-- Opening Marker --

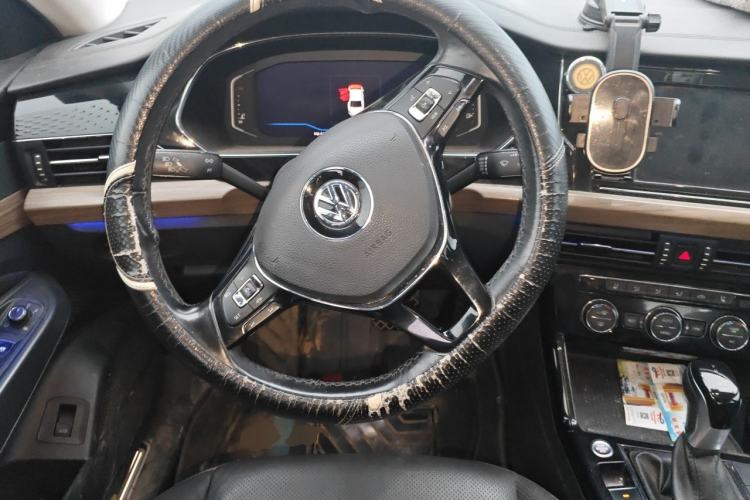 Used Volkswagen Passat 2019 330TSI Luxury Edition China V Standard Steering Wheel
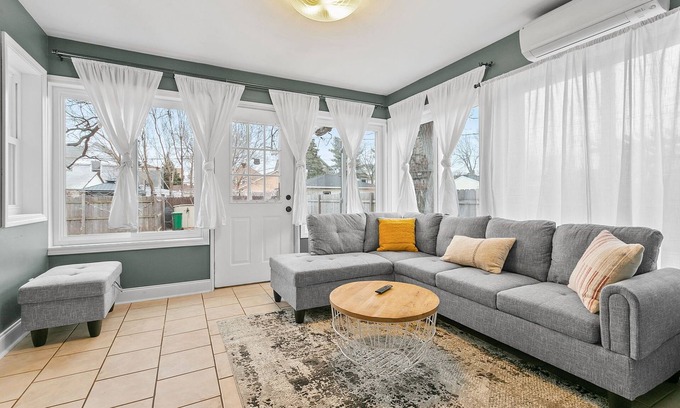 Powderhorn Casa | MINNeSTAY* Lyndale Pleasant Getaway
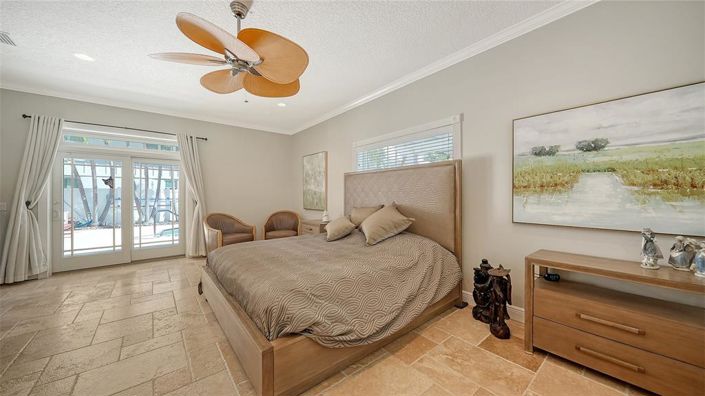 Image No.21-3 Bed Property for sale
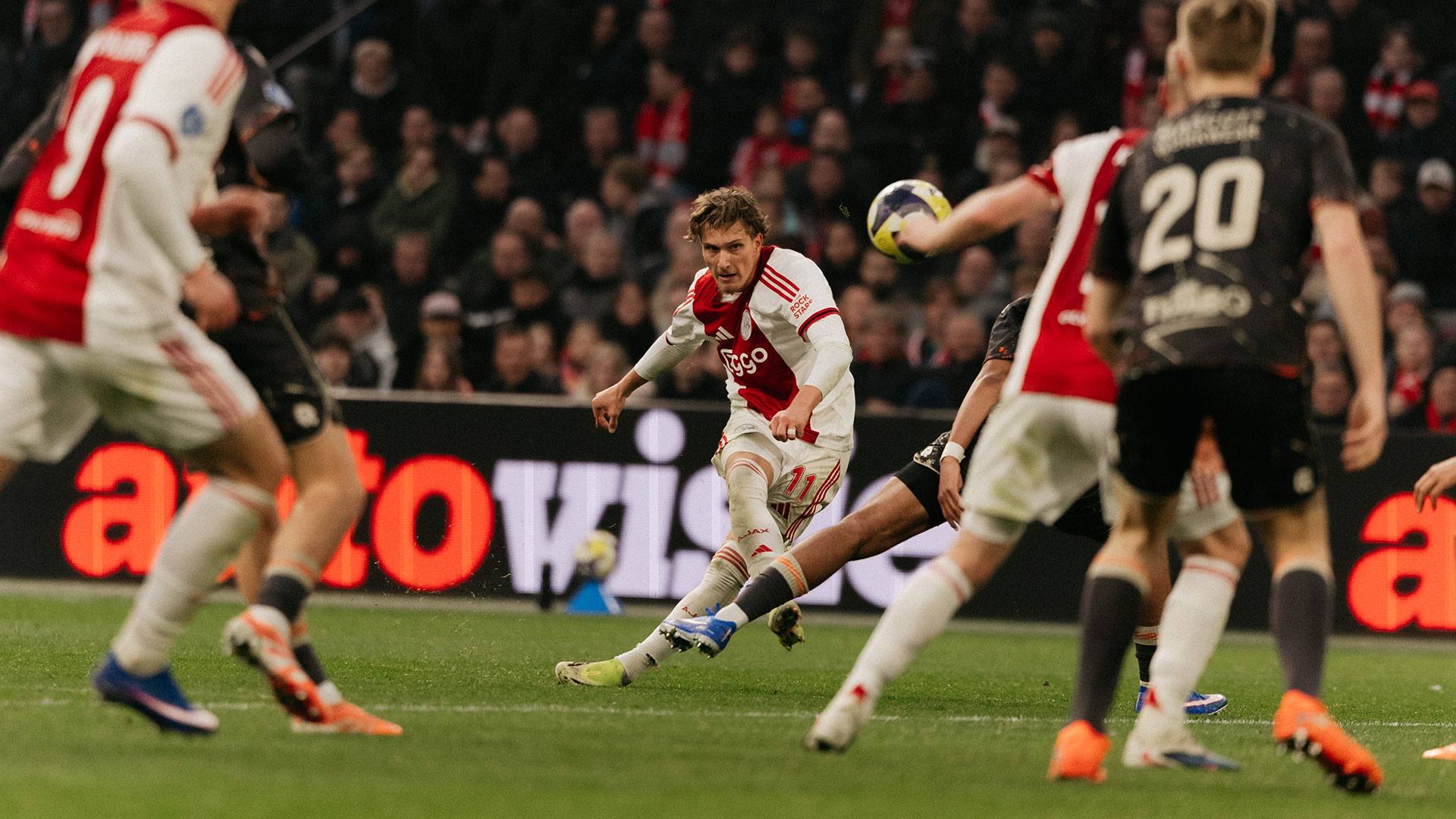 Liveblog Ajax - NEC 21-02-26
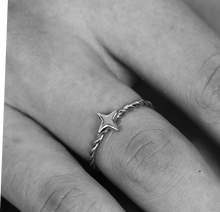 NICOLE Argent (Or Blanc) : Bague texturée avec pièce centrale en étoile à quatre branches
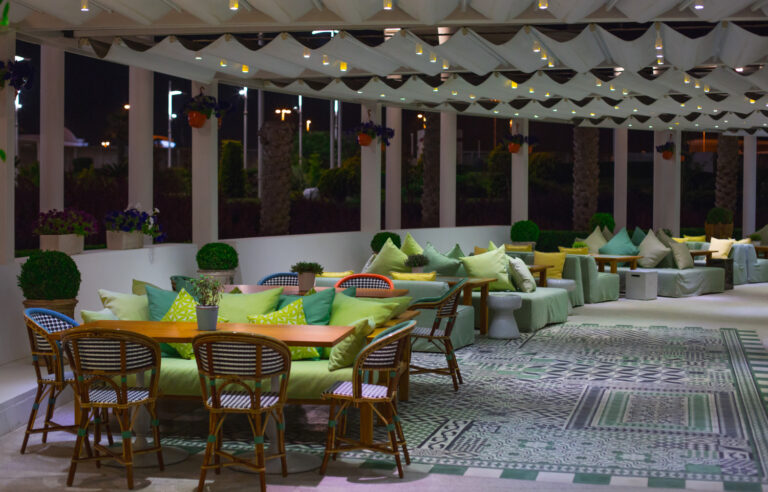 sala-restaurante-muebles-colores-vivos-ventanas-panoramicas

-- Closing Marker --

Write out an exact reproduction of the lines from the line that holds "Powderhorn Casa |" to the bottom of the listing above, both ends included. Exclude pictures.

 Powderhorn Casa | MINNeSTAY* Lyndale Pleasant Getaway
 Image No.21-3 Bed Property for sale
 Liveblog Ajax - NEC 21-02-26
 NICOLE Argent (Or Blanc) : Bague texturée avec pièce centrale en étoile à quatre branches
 sala-restaurante-muebles-colores-vivos-ventanas-panoramicas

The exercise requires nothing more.